[Web page caption snippets]
++++++++++

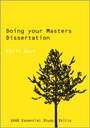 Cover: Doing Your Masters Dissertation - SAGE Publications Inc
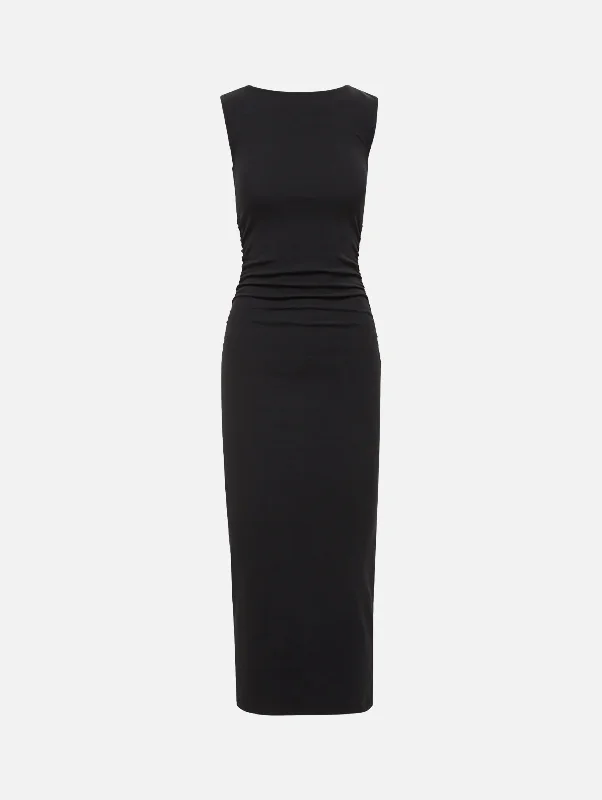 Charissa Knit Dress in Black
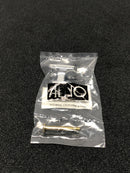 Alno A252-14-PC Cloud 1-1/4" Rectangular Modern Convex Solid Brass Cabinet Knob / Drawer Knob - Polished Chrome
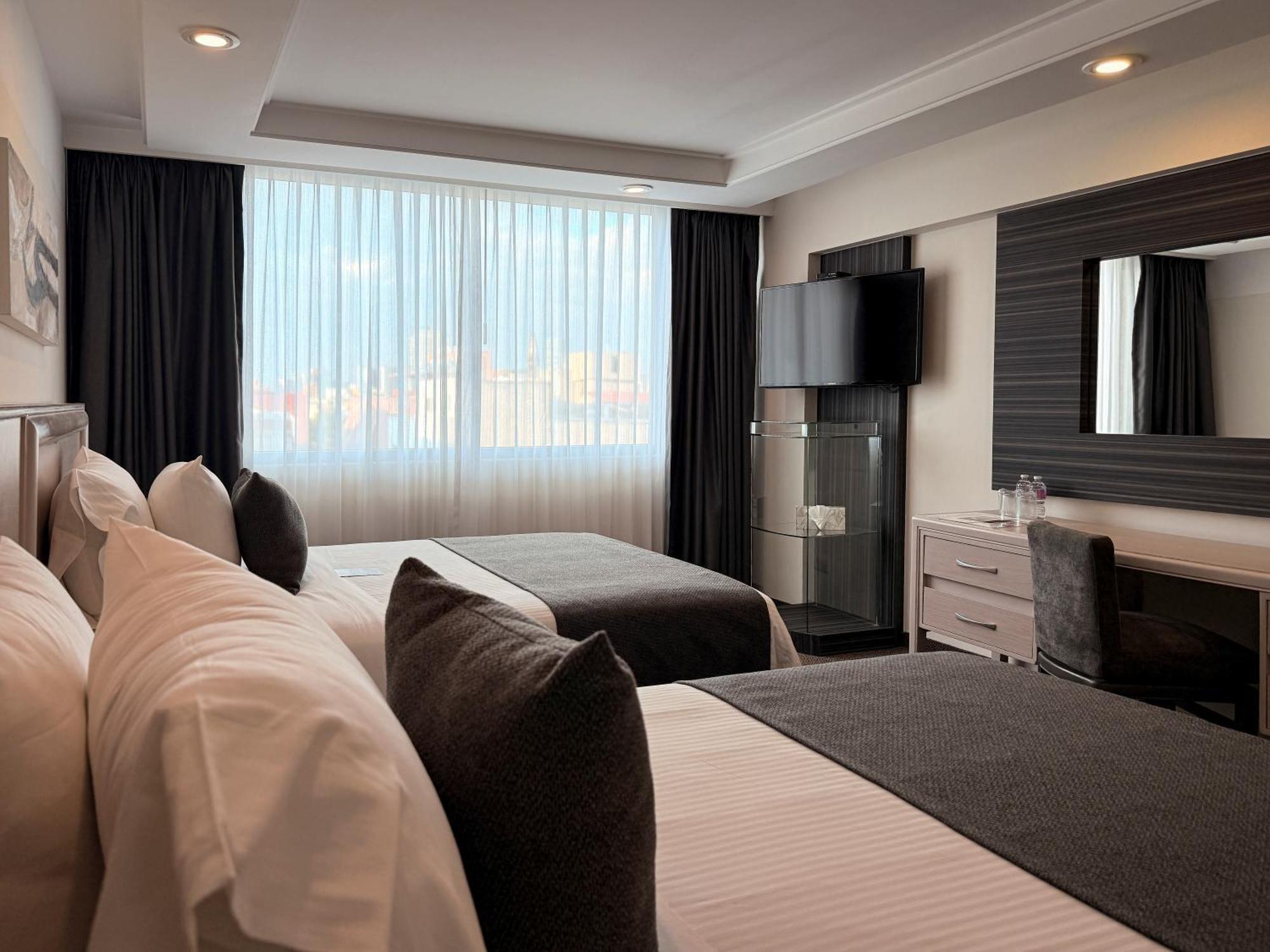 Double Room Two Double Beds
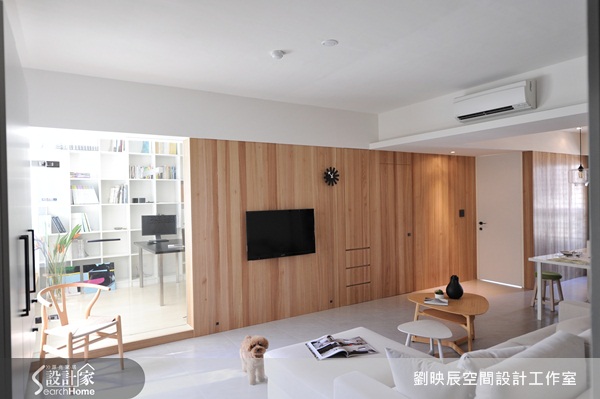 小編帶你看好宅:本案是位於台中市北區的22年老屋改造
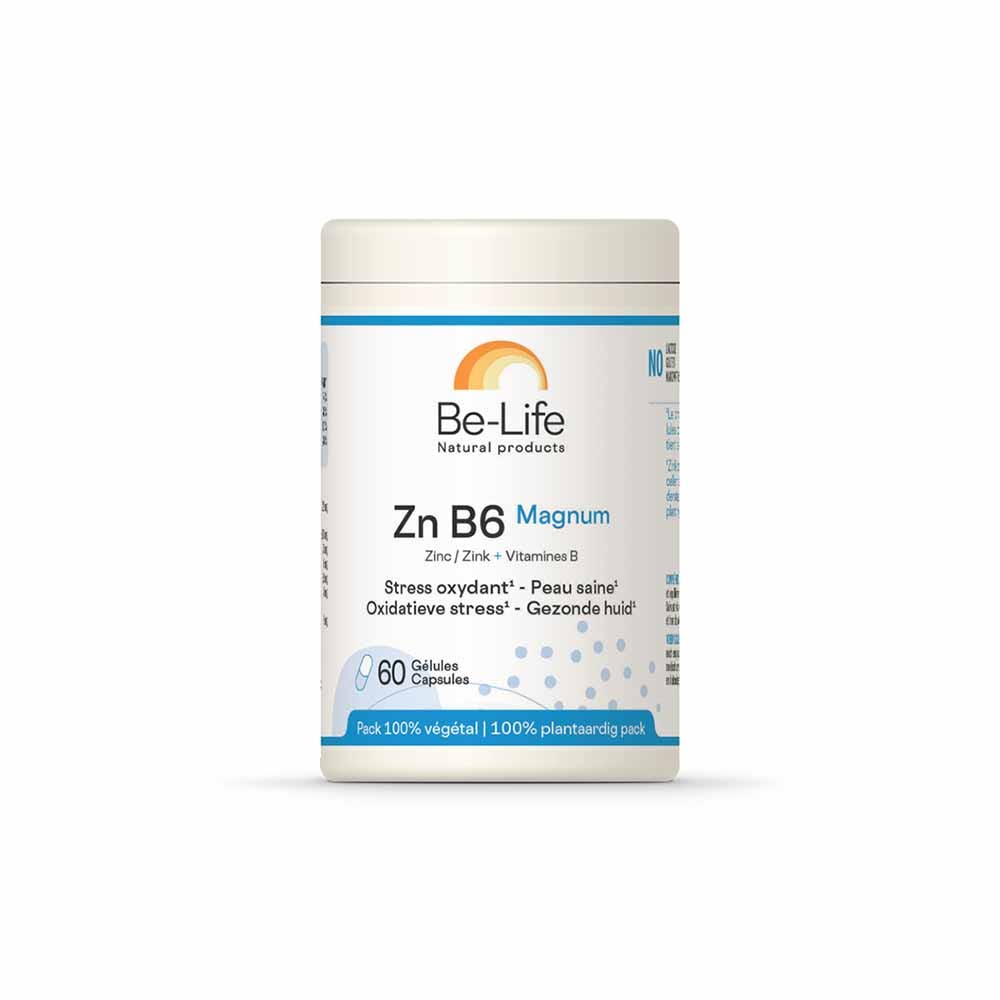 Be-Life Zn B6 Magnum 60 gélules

++++++++++

*Exercise requirements*
The required answer is the lines from the one that contains "小編帶你看好宅:本案是位於台中市北區的22年老屋改造" through the last line of the records, restated word for word, with every picture dropped.

*Response to this task*
 小編帶你看好宅:本案是位於台中市北區的22年老屋改造
 Be-Life Zn B6 Magnum 60 gélules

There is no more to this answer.